2019年01月30日

冬のかがり火

「ムーミン谷の冬」より。

トゥティッキは今晩、冬の大かがり火を燃やすという。
「あんたのお日さまは、あしたかえってくるはずよ。」

北欧でかがり火といえば夏至祭りを連想するが、冬にもあるのだろうか。それも太陽が戻ってくる前日に?....と調べてみたが見つからなかった。
トゥティッキは、冬の大かがり火は千年も前からあると言っているが、これはトゥティッキらしい創作なのか。

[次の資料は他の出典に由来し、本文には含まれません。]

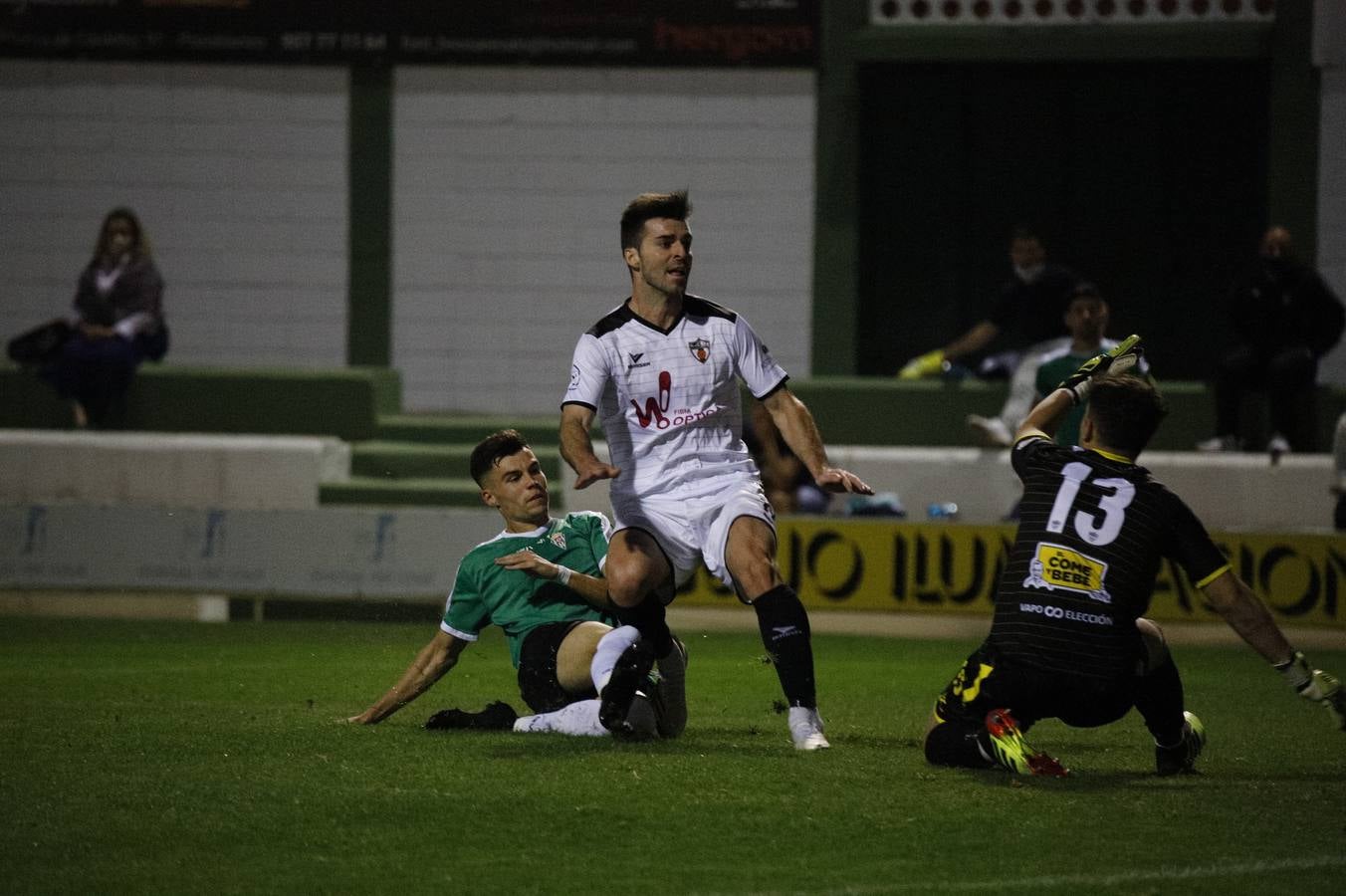 El ambiente y la victoria del Córdoba CF ante el Pozoblanco, en imágenes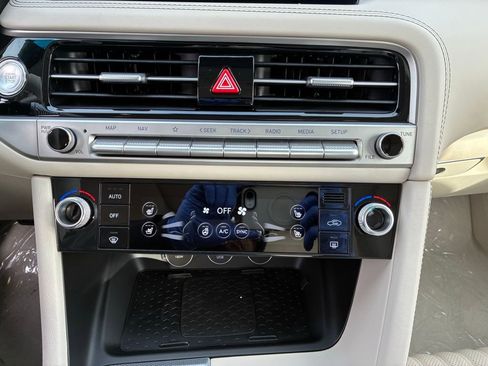 New 2026 Genesis G70 2.5T Prestige image 38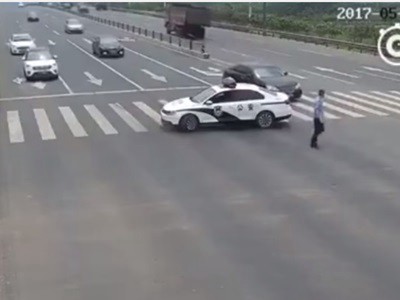 #EsViral insólita maniobra de un policía genera repercusiones a favor y en contra | Redes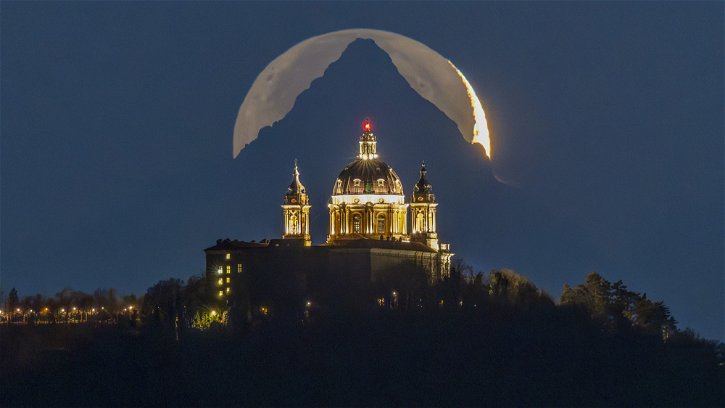 Immagine di Com'è stata scattata la foto virale della Luna dietro la Basilica di Superga e il Monviso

戻ってくる太陽を迎える大かがり火....。オーロラや極夜など、ムーミン谷はずいぶん高緯度地域にあるらしい。

ムーミン家の庭の壊れたベンチも、大かがり火のたきぎになってしまった。大きい影や小さい影が、火の周りで踊り、姿の見えないトンガリネズミたちが歌っている。

すべてが燃えつきて燠になったとき、モランがやってきて残り火の上に座ると、火が消えてしまった。
トゥティッキは言った。

「あの人は、火をけしにきたんじゃないの。かわいそうに、あたたまりにきたのよ。でも、あたたかいものはなんでも、あの女の人がその上にすわると、きえてしまうの。」

さらにモランはムーミンの石油ランプのところへ行ったが、それもまた消えてしまった。

この場面は、後に「ムーミンパパ海へ行く」の中で、モランがランプの明かりを求めてやってくるところを思い起こさせる。そこでムーミンが示した友情を喜んで、モランはあたたかくなったのだ。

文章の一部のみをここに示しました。